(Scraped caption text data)

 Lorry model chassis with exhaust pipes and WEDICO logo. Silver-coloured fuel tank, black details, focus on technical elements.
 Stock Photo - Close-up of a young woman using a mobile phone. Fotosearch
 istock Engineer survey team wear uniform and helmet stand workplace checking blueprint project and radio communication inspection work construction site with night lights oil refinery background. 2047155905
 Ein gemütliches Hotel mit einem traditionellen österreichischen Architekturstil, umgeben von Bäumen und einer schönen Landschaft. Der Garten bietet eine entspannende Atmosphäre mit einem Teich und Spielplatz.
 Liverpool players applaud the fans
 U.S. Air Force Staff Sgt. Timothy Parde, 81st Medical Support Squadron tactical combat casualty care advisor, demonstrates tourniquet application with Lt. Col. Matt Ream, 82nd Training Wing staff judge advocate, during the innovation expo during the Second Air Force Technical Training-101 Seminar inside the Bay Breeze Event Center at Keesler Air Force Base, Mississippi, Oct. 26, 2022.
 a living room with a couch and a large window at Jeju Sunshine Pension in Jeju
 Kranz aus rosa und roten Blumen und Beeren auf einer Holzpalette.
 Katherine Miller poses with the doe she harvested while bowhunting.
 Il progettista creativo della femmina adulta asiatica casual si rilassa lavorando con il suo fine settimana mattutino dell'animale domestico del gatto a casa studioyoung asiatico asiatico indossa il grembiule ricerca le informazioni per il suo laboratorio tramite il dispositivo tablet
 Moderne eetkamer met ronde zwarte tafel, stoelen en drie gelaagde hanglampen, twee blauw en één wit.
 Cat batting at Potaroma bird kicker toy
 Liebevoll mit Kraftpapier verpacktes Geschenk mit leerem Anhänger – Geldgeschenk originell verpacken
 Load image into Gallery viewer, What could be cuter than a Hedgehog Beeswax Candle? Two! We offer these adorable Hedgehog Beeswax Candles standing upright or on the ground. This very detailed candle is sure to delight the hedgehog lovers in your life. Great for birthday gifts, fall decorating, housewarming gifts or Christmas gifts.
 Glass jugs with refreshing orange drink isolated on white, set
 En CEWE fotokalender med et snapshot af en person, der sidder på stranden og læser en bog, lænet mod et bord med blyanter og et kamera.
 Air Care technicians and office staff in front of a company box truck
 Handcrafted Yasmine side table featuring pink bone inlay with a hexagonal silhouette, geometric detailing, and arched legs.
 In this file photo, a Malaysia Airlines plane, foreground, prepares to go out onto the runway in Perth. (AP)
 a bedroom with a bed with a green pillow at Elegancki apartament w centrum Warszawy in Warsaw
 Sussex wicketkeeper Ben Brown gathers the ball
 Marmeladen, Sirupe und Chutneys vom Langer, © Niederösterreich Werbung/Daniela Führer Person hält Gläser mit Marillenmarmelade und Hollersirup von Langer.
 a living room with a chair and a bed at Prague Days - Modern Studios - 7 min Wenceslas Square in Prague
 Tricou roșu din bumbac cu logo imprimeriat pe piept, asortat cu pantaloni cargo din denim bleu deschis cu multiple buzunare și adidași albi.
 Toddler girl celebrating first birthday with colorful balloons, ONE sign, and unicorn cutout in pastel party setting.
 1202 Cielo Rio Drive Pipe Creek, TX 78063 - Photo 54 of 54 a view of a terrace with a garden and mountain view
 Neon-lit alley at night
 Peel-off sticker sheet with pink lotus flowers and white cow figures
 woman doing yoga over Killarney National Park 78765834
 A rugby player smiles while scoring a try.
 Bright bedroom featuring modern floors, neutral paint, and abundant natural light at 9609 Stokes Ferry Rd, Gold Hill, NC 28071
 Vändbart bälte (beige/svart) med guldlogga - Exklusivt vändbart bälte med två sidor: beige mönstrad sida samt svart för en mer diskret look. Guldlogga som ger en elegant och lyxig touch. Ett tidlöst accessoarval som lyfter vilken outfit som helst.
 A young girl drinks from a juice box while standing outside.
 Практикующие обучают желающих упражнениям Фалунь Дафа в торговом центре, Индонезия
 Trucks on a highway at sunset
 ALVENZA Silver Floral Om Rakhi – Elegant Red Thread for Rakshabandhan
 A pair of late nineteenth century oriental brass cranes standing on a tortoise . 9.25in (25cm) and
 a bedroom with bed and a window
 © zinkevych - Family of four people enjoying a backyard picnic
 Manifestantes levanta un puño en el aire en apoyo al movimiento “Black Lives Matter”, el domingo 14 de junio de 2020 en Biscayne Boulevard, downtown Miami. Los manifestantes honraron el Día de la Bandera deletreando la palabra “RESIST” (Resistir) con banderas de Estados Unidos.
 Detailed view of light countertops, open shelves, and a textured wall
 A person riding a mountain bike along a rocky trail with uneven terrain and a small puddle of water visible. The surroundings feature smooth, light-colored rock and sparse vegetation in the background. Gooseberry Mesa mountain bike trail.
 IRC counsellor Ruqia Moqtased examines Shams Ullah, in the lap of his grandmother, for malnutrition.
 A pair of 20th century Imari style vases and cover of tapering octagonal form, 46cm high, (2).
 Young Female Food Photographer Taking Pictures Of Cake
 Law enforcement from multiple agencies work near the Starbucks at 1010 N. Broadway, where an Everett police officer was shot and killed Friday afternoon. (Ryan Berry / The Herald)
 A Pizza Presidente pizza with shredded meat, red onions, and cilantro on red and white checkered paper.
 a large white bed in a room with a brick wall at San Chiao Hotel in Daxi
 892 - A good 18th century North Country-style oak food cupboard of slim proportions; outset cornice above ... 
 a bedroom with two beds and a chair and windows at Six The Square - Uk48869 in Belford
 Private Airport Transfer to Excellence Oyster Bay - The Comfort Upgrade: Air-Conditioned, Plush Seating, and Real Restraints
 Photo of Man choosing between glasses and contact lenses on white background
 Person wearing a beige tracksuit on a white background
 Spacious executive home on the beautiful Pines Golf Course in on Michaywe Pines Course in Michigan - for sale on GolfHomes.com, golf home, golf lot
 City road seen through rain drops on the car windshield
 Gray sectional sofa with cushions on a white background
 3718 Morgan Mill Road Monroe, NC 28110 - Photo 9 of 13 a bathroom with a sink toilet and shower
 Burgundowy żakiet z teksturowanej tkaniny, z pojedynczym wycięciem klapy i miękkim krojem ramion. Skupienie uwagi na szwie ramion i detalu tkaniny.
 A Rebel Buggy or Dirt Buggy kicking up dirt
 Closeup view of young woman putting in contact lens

What to do:
All of the records above need to be copied exactly.

Response to this task:
 Lorry model chassis with exhaust pipes and WEDICO logo. Silver-coloured fuel tank, black details, focus on technical elements.
 Stock Photo - Close-up of a young woman using a mobile phone. Fotosearch
 istock Engineer survey team wear uniform and helmet stand workplace checking blueprint project and radio communication inspection work construction site with night lights oil refinery background. 2047155905
 Ein gemütliches Hotel mit einem traditionellen österreichischen Architekturstil, umgeben von Bäumen und einer schönen Landschaft. Der Garten bietet eine entspannende Atmosphäre mit einem Teich und Spielplatz.
 Liverpool players applaud the fans
 U.S. Air Force Staff Sgt. Timothy Parde, 81st Medical Support Squadron tactical combat casualty care advisor, demonstrates tourniquet application with Lt. Col. Matt Ream, 82nd Training Wing staff judge advocate, during the innovation expo during the Second Air Force Technical Training-101 Seminar inside the Bay Breeze Event Center at Keesler Air Force Base, Mississippi, Oct. 26, 2022.
 a living room with a couch and a large window at Jeju Sunshine Pension in Jeju
 Kranz aus rosa und roten Blumen und Beeren auf einer Holzpalette.
 Katherine Miller poses with the doe she harvested while bowhunting.
 Il progettista creativo della femmina adulta asiatica casual si rilassa lavorando con il suo fine settimana mattutino dell'animale domestico del gatto a casa studioyoung asiatico asiatico indossa il grembiule ricerca le informazioni per il suo laboratorio tramite il dispositivo tablet
 Moderne eetkamer met ronde zwarte tafel, stoelen en drie gelaagde hanglampen, twee blauw en één wit.
 Cat batting at Potaroma bird kicker toy
 Liebevoll mit Kraftpapier verpacktes Geschenk mit leerem Anhänger – Geldgeschenk originell verpacken
 Load image into Gallery viewer, What could be cuter than a Hedgehog Beeswax Candle? Two! We offer these adorable Hedgehog Beeswax Candles standing upright or on the ground. This very detailed candle is sure to delight the hedgehog lovers in your life. Great for birthday gifts, fall decorating, housewarming gifts or Christmas gifts.
 Glass jugs with refreshing orange drink isolated on white, set
 En CEWE fotokalender med et snapshot af en person, der sidder på stranden og læser en bog, lænet mod et bord med blyanter og et kamera.
 Air Care technicians and office staff in front of a company box truck
 Handcrafted Yasmine side table featuring pink bone inlay with a hexagonal silhouette, geometric detailing, and arched legs.
 In this file photo, a Malaysia Airlines plane, foreground, prepares to go out onto the runway in Perth. (AP)
 a bedroom with a bed with a green pillow at Elegancki apartament w centrum Warszawy in Warsaw
 Sussex wicketkeeper Ben Brown gathers the ball
 Marmeladen, Sirupe und Chutneys vom Langer, © Niederösterreich Werbung/Daniela Führer Person hält Gläser mit Marillenmarmelade und Hollersirup von Langer.
 a living room with a chair and a bed at Prague Days - Modern Studios - 7 min Wenceslas Square in Prague
 Tricou roșu din bumbac cu logo imprimeriat pe piept, asortat cu pantaloni cargo din denim bleu deschis cu multiple buzunare și adidași albi.
 Toddler girl celebrating first birthday with colorful balloons, ONE sign, and unicorn cutout in pastel party setting.
 1202 Cielo Rio Drive Pipe Creek, TX 78063 - Photo 54 of 54 a view of a terrace with a garden and mountain view
 Neon-lit alley at night
 Peel-off sticker sheet with pink lotus flowers and white cow figures
 woman doing yoga over Killarney National Park 78765834
 A rugby player smiles while scoring a try.
 Bright bedroom featuring modern floors, neutral paint, and abundant natural light at 9609 Stokes Ferry Rd, Gold Hill, NC 28071
 Vändbart bälte (beige/svart) med guldlogga - Exklusivt vändbart bälte med två sidor: beige mönstrad sida samt svart för en mer diskret look. Guldlogga som ger en elegant och lyxig touch. Ett tidlöst accessoarval som lyfter vilken outfit som helst.
 A young girl drinks from a juice box while standing outside.
 Практикующие обучают желающих упражнениям Фалунь Дафа в торговом центре, Индонезия
 Trucks on a highway at sunset
 ALVENZA Silver Floral Om Rakhi – Elegant Red Thread for Rakshabandhan
 A pair of late nineteenth century oriental brass cranes standing on a tortoise . 9.25in (25cm) and
 a bedroom with bed and a window
 © zinkevych - Family of four people enjoying a backyard picnic
 Manifestantes levanta un puño en el aire en apoyo al movimiento “Black Lives Matter”, el domingo 14 de junio de 2020 en Biscayne Boulevard, downtown Miami. Los manifestantes honraron el Día de la Bandera deletreando la palabra “RESIST” (Resistir) con banderas de Estados Unidos.
 Detailed view of light countertops, open shelves, and a textured wall
 A person riding a mountain bike along a rocky trail with uneven terrain and a small puddle of water visible. The surroundings feature smooth, light-colored rock and sparse vegetation in the background. Gooseberry Mesa mountain bike trail.
 IRC counsellor Ruqia Moqtased examines Shams Ullah, in the lap of his grandmother, for malnutrition.
 A pair of 20th century Imari style vases and cover of tapering octagonal form, 46cm high, (2).
 Young Female Food Photographer Taking Pictures Of Cake
 Law enforcement from multiple agencies work near the Starbucks at 1010 N. Broadway, where an Everett police officer was shot and killed Friday afternoon. (Ryan Berry / The Herald)
 A Pizza Presidente pizza with shredded meat, red onions, and cilantro on red and white checkered paper.
 a large white bed in a room with a brick wall at San Chiao Hotel in Daxi
 892 - A good 18th century North Country-style oak food cupboard of slim proportions; outset cornice above ... 
 a bedroom with two beds and a chair and windows at Six The Square - Uk48869 in Belford
 Private Airport Transfer to Excellence Oyster Bay - The Comfort Upgrade: Air-Conditioned, Plush Seating, and Real Restraints
 Photo of Man choosing between glasses and contact lenses on white background
 Person wearing a beige tracksuit on a white background
 Spacious executive home on the beautiful Pines Golf Course in on Michaywe Pines Course in Michigan - for sale on GolfHomes.com, golf home, golf lot
 City road seen through rain drops on the car windshield
 Gray sectional sofa with cushions on a white background
 3718 Morgan Mill Road Monroe, NC 28110 - Photo 9 of 13 a bathroom with a sink toilet and shower
 Burgundowy żakiet z teksturowanej tkaniny, z pojedynczym wycięciem klapy i miękkim krojem ramion. Skupienie uwagi na szwie ramion i detalu tkaniny.
 A Rebel Buggy or Dirt Buggy kicking up dirt
 Closeup view of young woman putting in contact lens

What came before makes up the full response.